The last pre-injury factor to consider is intervention. For the athletic trainer, preventative education is the best intervention strategy he or she can employ. Weise-Bjornstal et al. (2015) reported that preventative education on concussions can reduce the frequency of future concussion. Athletic trainers can utilize the same preventative strategy to engage in discussions on a variety of topics, such as nutrition and healthy eating habits, self-mobilization techniques, proper sleep habits, and personal hygiene. (Weise-Bjornstal et al. reported that the above listed pre-injury factors negatively affected patients’ rehabilitation outcomes in recovery from concussion.) While the exact influence of pre-injury factors on the patient may be unknown to the athletic trainer, they should be taken into consideration when developing a rehabilitation program.
Personal factors, such as history of injury, severity of injury, and previous development of necessary coping skills, all affect the individual’s response to injury.
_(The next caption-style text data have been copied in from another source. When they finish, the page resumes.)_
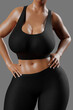 © PixlMakr - Young slim woman with big breasts in black sportswear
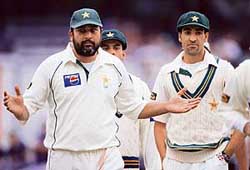 Pakistan captain Inzamam-ul-Haq gestures as his team-mates look on during the fourth day of the fourth Test against England at the Oval in London on Sunday. 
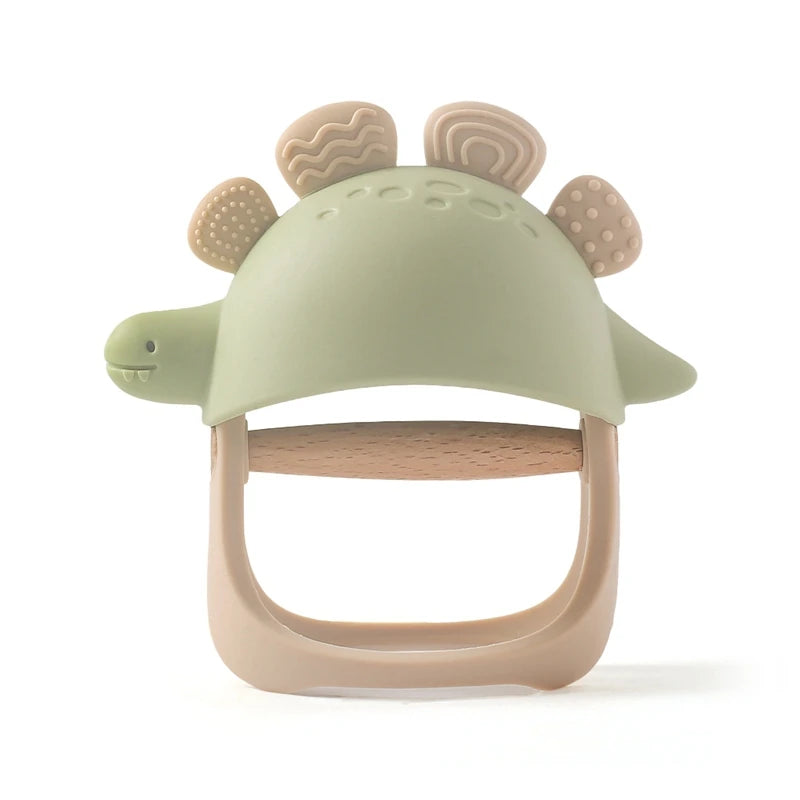 Green and beige turtle-shaped teether on a white background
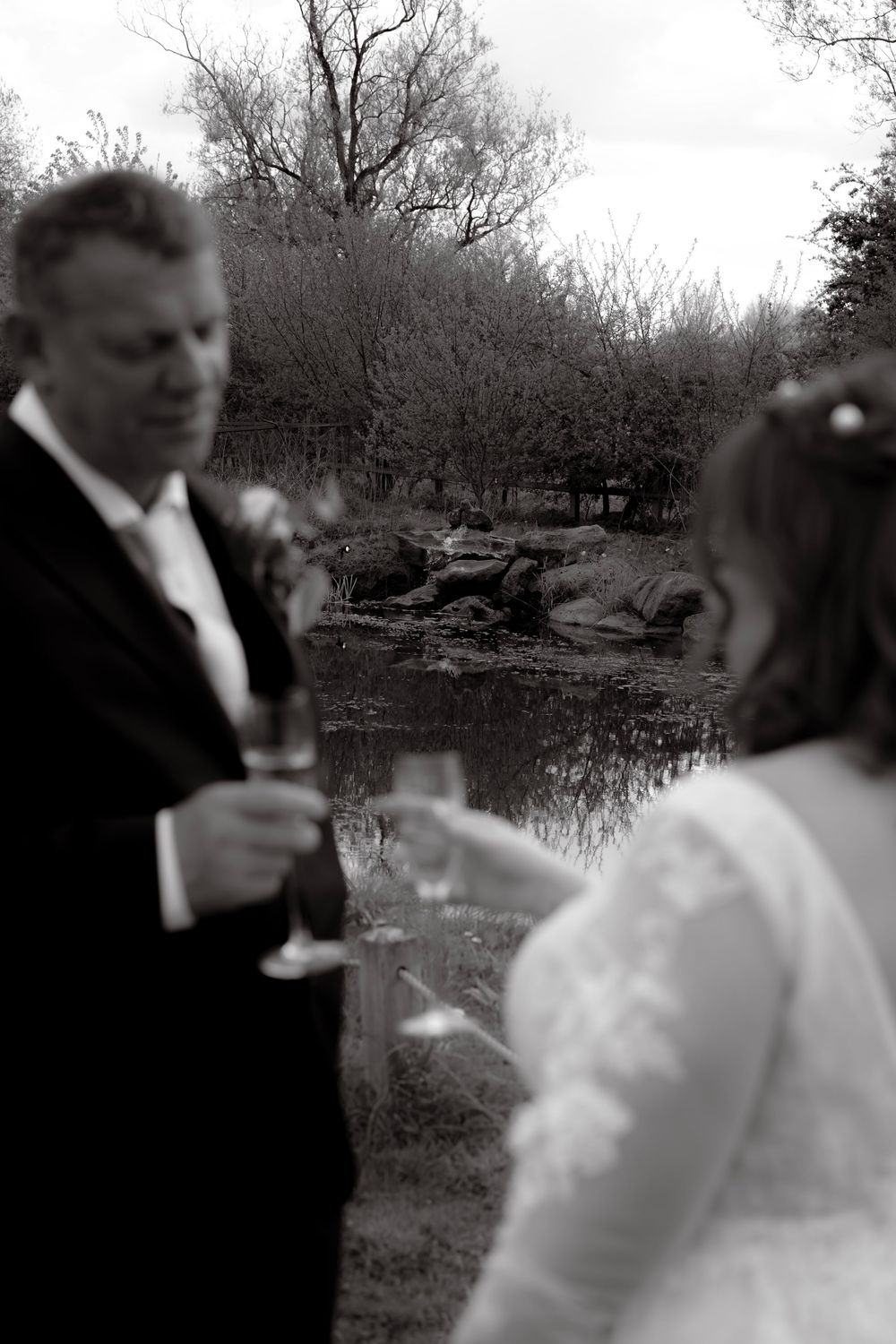 A black and white wedding photo of a couple toasting with champagne glasses by a serene pond.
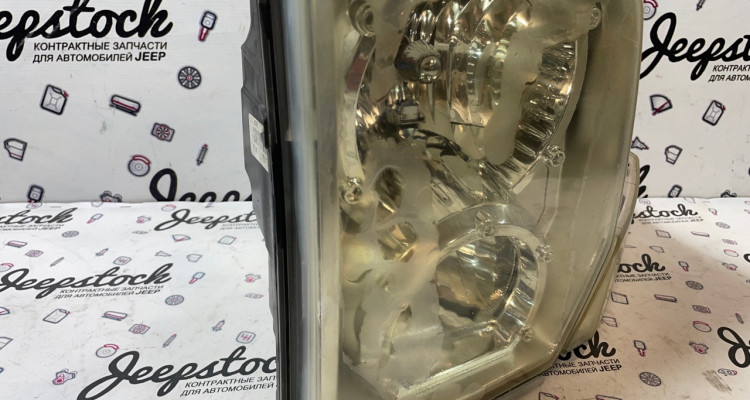  Фара левая Jeep Commander XK-XH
Personal factors are highly individualized and are unique elements that the patient brings to the injury and rehabilitation situation. The cognitive appraisal model proposes that personal factors influence emotional and behavioral responses throughout the rehabilitation process. Hitchcock, Ellis, Williamson, and Nixon (2015) found that appraisals of traumatic events play a significant role in posttraumatic reactions; negative appraisals are associated with extended recovery times. The patient’s appraisal should be considered when determining injury prognosis and may prove to be helpful in guiding future interactions between the athletic trainer and patient (Hitchcock et al., 2015).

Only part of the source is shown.